> Task prompt: Nothing but the lines below from the one holding "Hello and welcome" up to and including the one holding "Then we're going" should be copied, exactly and without pictures.

*** Opening Material shown ***

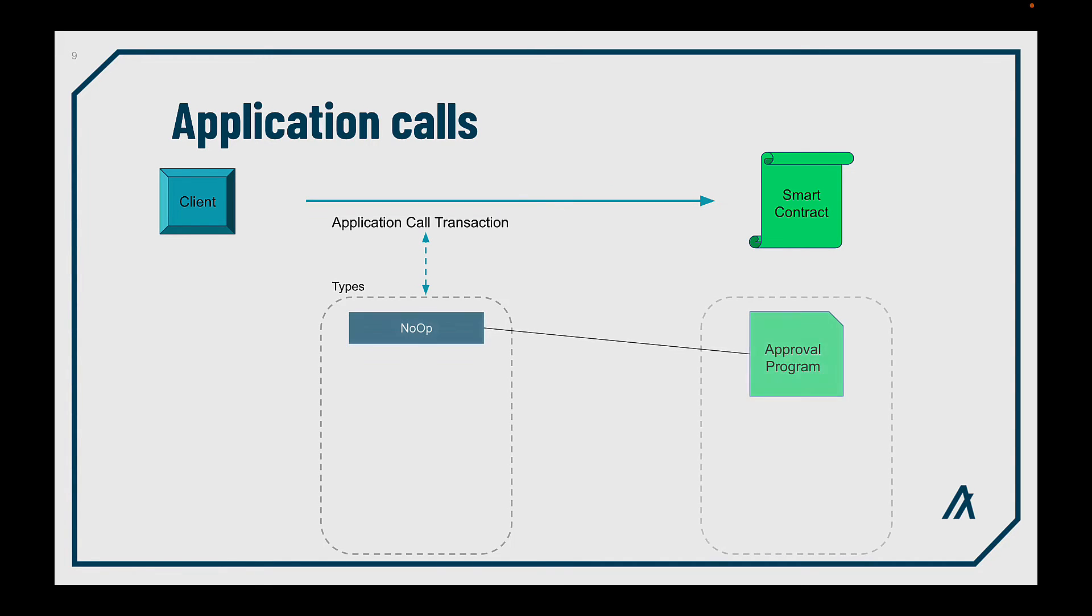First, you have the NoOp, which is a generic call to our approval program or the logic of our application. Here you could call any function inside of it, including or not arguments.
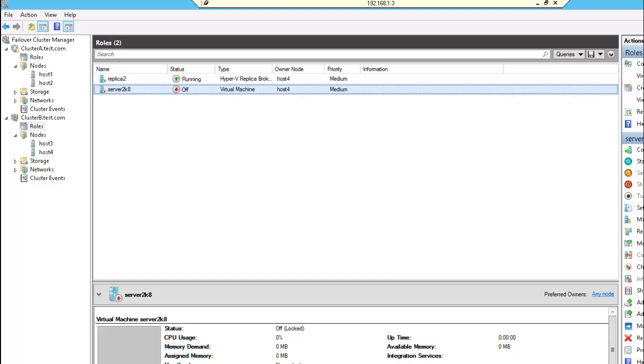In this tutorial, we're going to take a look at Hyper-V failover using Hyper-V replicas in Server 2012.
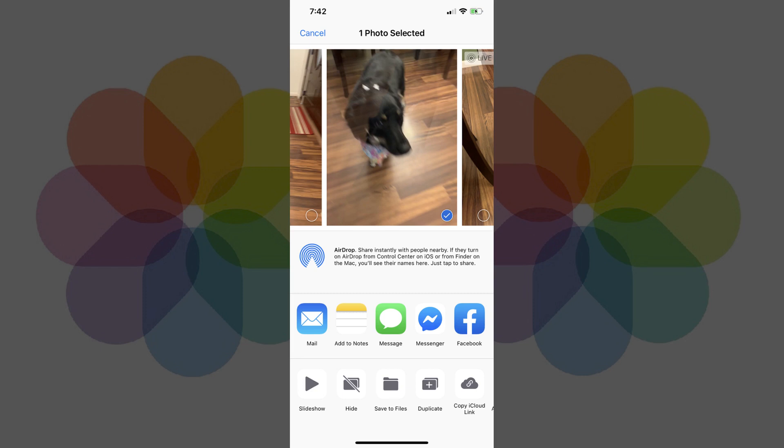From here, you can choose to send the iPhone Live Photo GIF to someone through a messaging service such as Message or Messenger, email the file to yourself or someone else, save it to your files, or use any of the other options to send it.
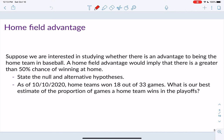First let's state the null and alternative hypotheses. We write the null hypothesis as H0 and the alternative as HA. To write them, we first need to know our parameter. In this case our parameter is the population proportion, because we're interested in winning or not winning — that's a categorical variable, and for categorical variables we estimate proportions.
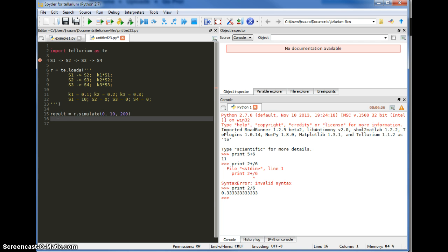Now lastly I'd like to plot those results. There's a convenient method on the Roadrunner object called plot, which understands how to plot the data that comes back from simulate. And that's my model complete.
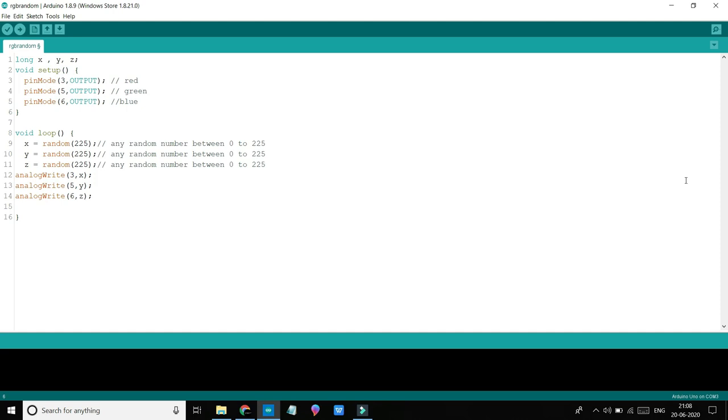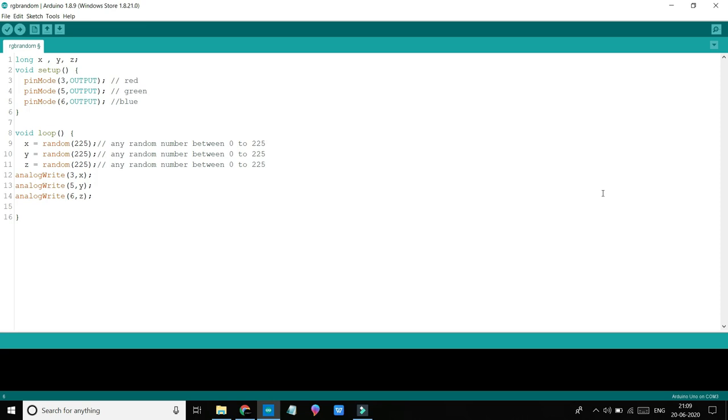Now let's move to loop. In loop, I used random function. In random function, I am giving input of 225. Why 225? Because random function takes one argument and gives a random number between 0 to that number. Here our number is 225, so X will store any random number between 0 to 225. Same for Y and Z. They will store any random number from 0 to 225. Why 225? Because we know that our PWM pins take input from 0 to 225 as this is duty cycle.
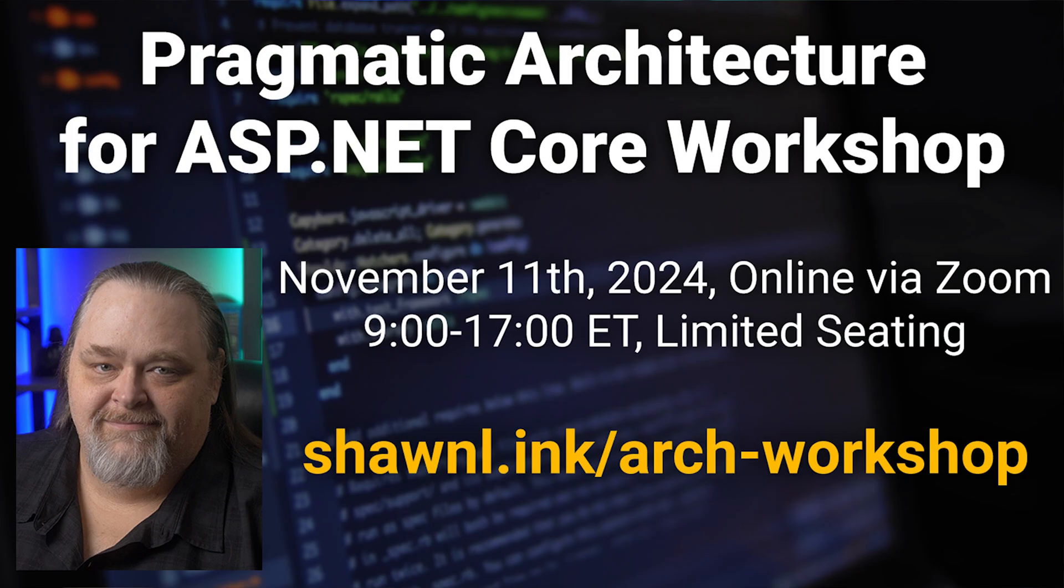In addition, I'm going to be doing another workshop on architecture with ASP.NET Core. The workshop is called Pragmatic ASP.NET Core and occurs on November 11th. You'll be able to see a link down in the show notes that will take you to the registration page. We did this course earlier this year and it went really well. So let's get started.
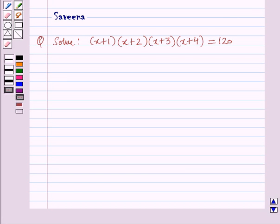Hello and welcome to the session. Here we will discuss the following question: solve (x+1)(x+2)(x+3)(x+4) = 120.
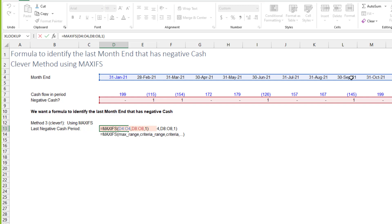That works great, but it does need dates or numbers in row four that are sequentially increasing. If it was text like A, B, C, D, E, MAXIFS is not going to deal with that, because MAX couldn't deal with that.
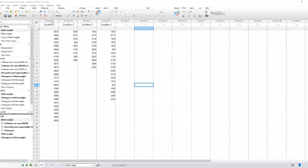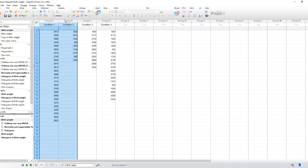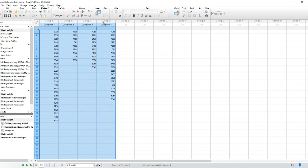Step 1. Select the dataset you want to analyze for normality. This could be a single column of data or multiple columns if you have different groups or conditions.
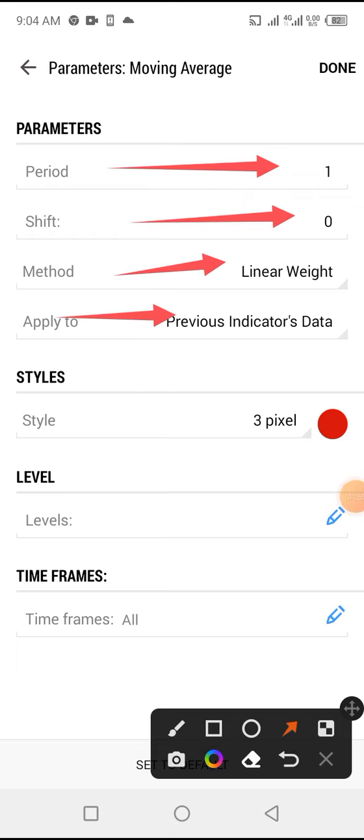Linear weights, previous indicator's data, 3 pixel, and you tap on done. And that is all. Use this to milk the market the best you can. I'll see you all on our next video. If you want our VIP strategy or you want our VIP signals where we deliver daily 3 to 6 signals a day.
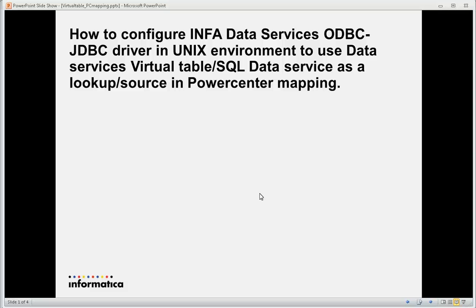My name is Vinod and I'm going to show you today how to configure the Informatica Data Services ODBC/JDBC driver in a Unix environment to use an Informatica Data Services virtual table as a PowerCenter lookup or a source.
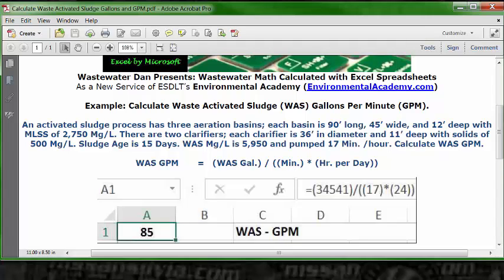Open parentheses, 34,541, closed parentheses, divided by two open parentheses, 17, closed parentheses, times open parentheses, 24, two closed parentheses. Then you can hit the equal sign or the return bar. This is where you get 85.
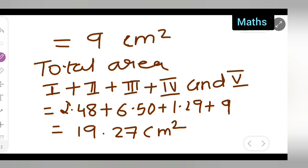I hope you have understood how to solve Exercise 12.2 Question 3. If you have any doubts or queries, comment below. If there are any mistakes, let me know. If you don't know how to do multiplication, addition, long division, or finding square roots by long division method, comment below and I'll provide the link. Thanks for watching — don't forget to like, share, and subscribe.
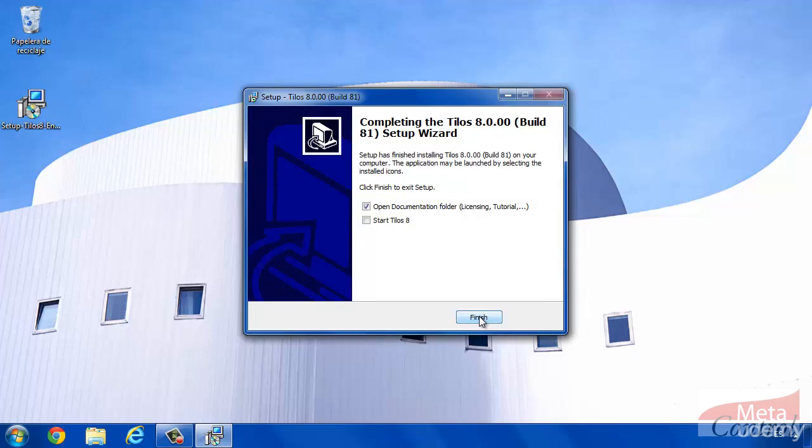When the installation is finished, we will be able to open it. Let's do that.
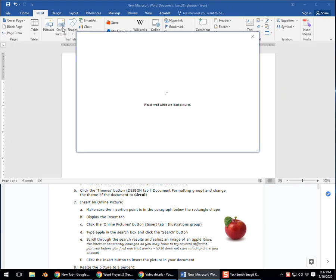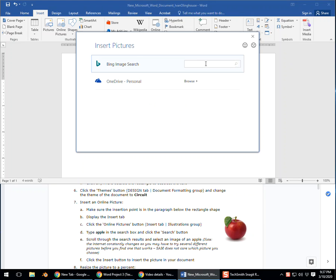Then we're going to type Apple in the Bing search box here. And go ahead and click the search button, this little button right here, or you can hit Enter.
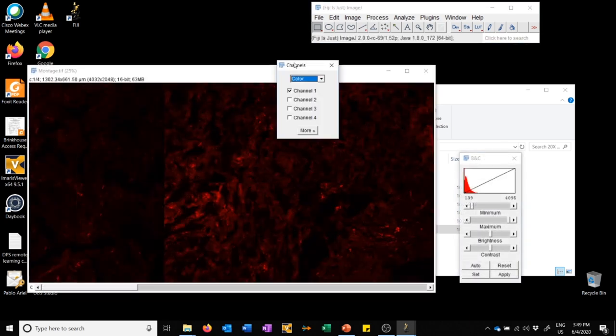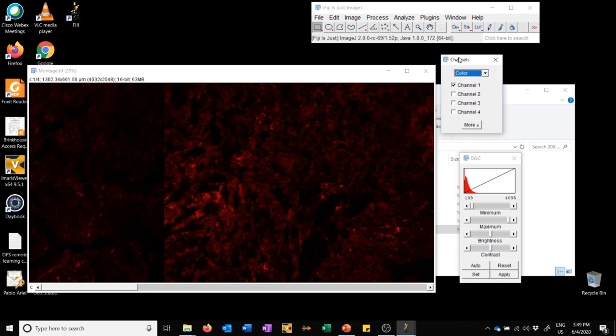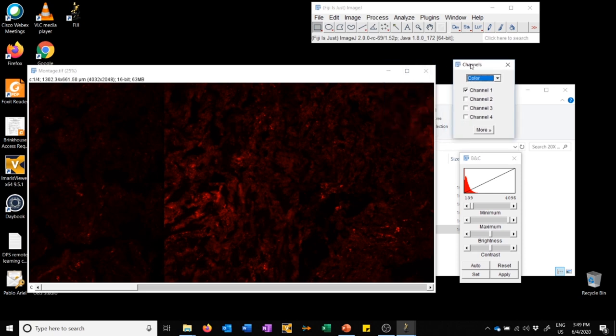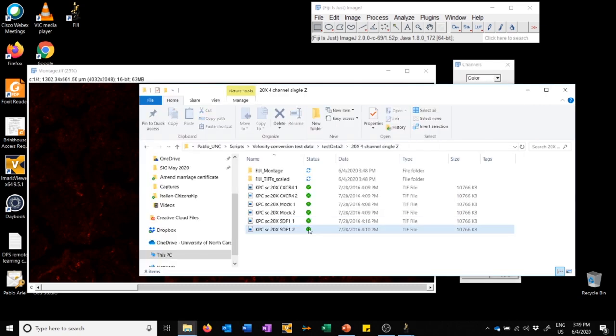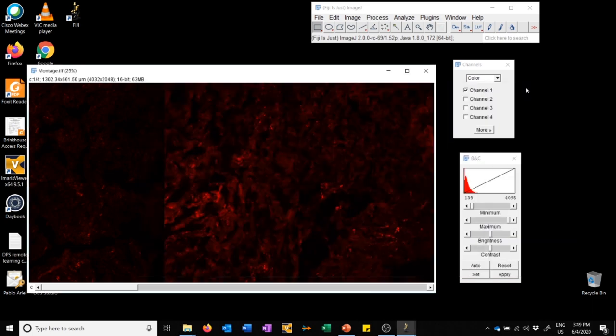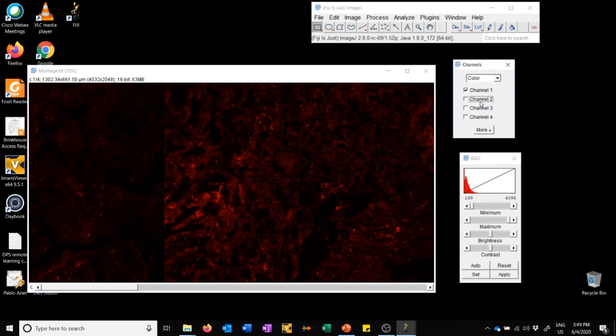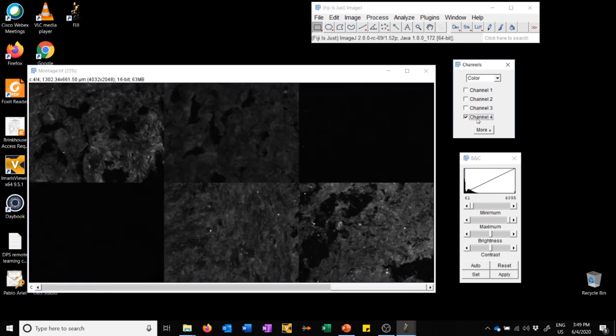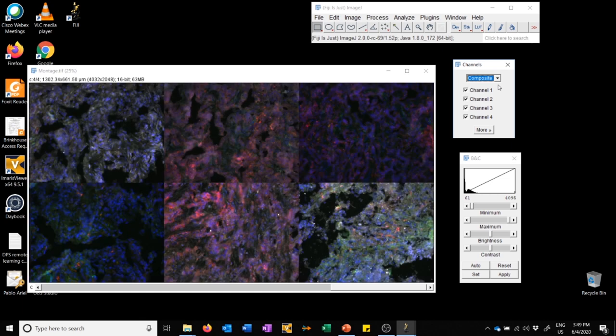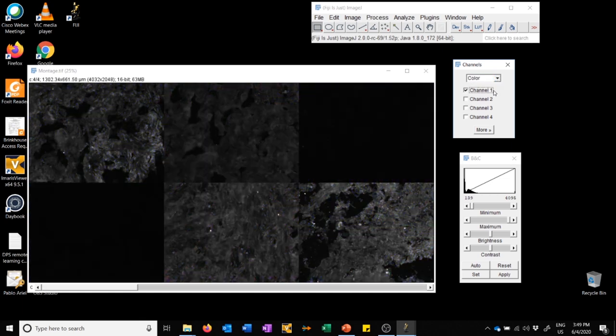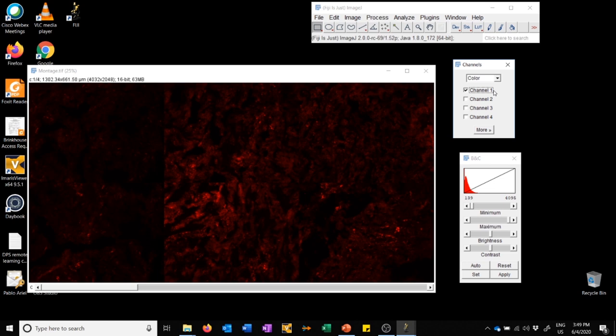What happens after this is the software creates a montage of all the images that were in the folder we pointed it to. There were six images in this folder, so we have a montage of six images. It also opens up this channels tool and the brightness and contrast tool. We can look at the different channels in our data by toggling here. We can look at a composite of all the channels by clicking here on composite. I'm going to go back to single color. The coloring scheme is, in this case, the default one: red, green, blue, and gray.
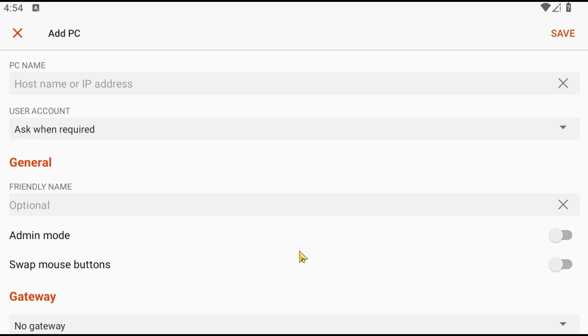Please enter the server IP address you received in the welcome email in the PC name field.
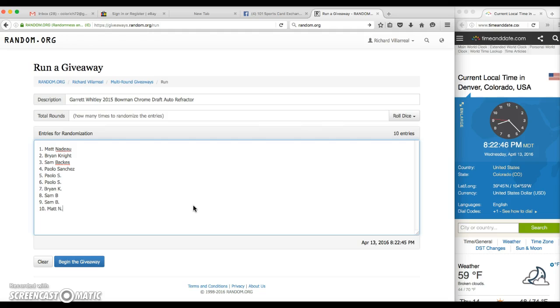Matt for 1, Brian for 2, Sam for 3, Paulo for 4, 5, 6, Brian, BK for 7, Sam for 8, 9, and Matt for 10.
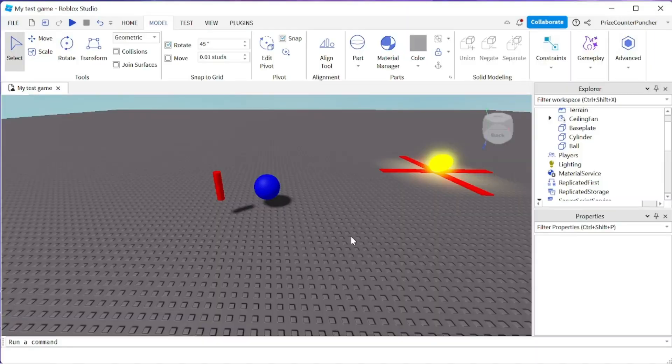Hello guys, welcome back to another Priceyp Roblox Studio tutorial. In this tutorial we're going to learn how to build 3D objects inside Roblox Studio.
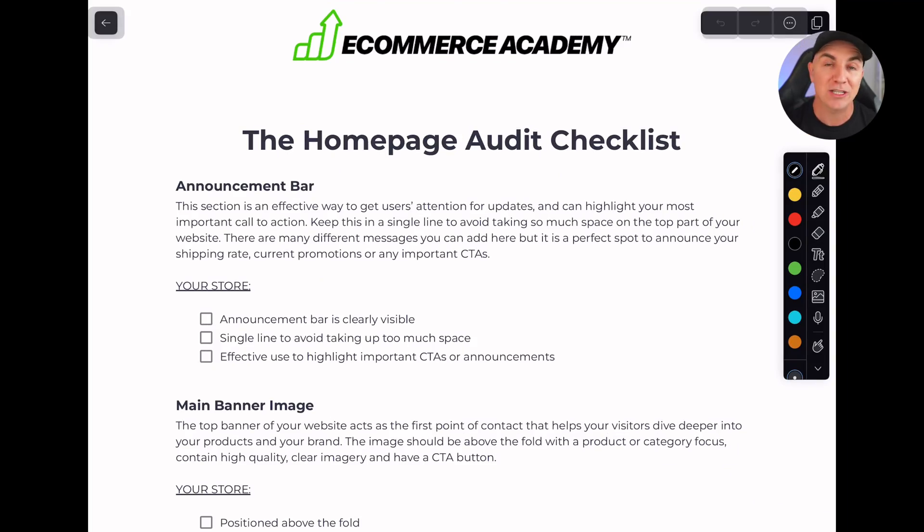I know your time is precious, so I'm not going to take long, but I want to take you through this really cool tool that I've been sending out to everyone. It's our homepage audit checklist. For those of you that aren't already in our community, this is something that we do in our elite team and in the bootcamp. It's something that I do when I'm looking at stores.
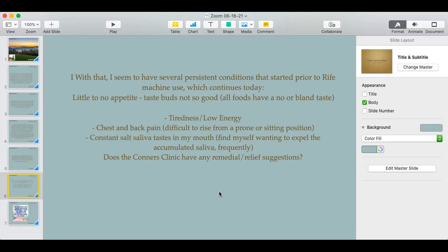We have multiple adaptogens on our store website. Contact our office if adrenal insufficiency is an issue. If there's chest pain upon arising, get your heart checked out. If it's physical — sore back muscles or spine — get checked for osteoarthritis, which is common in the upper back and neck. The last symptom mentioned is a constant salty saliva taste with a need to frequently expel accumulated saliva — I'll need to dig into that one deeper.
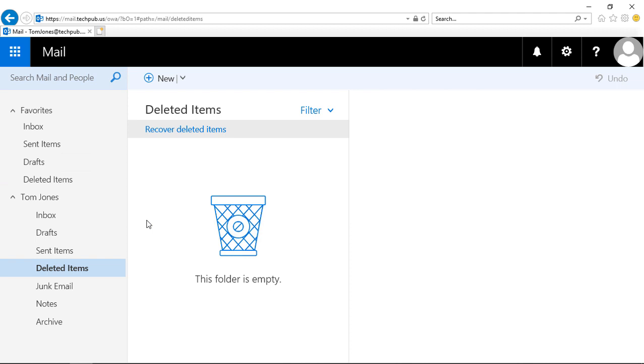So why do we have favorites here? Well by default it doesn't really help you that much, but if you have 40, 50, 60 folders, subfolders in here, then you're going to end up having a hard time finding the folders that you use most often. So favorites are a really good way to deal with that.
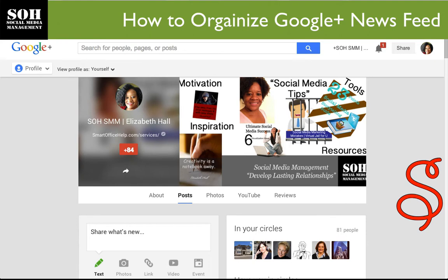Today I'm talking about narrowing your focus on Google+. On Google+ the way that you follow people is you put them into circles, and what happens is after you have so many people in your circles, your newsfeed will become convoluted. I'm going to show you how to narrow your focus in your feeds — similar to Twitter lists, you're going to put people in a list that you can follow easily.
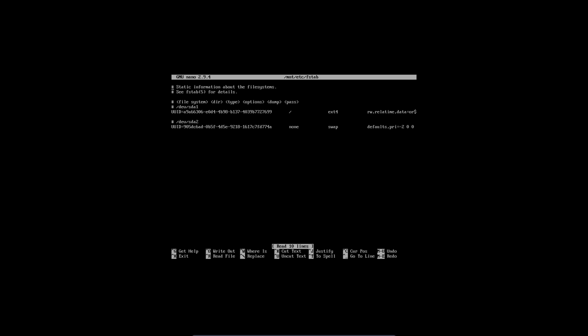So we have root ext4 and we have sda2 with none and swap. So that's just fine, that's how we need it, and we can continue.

*** Closing Material shown ***

> Response to this exercise:
Hello and welcome to the session. Here we will discuss the following question: solve (x+1)(x+2)(x+3)(x+4) = 120.
That works great, but it does need dates or numbers in row four that are sequentially increasing. If it was text like A, B, C, D, E, MAXIFS is not going to deal with that, because MAX couldn't deal with that.
Step 1. Select the dataset you want to analyze for normality. This could be a single column of data or multiple columns if you have different groups or conditions.
Linear weights, previous indicator's data, 3 pixel, and you tap on done. And that is all. Use this to milk the market the best you can. I'll see you all on our next video. If you want our VIP strategy or you want our VIP signals where we deliver daily 3 to 6 signals a day.
My name is Vinod and I'm going to show you today how to configure the Informatica Data Services ODBC/JDBC driver in a Unix environment to use an Informatica Data Services virtual table as a PowerCenter lookup or a source.
Open parentheses, 34,541, closed parentheses, divided by two open parentheses, 17, closed parentheses, times open parentheses, 24, two closed parentheses. Then you can hit the equal sign or the return bar. This is where you get 85.
I hope you have understood how to solve Exercise 12.2 Question 3. If you have any doubts or queries, comment below. If there are any mistakes, let me know. If you don't know how to do multiplication, addition, long division, or finding square roots by long division method, comment below and I'll provide the link. Thanks for watching — don't forget to like, share, and subscribe.
When the installation is finished, we will be able to open it. Let's do that.
Then we're going to type Apple in the Bing search box here. And go ahead and click the search button, this little button right here, or you can hit Enter.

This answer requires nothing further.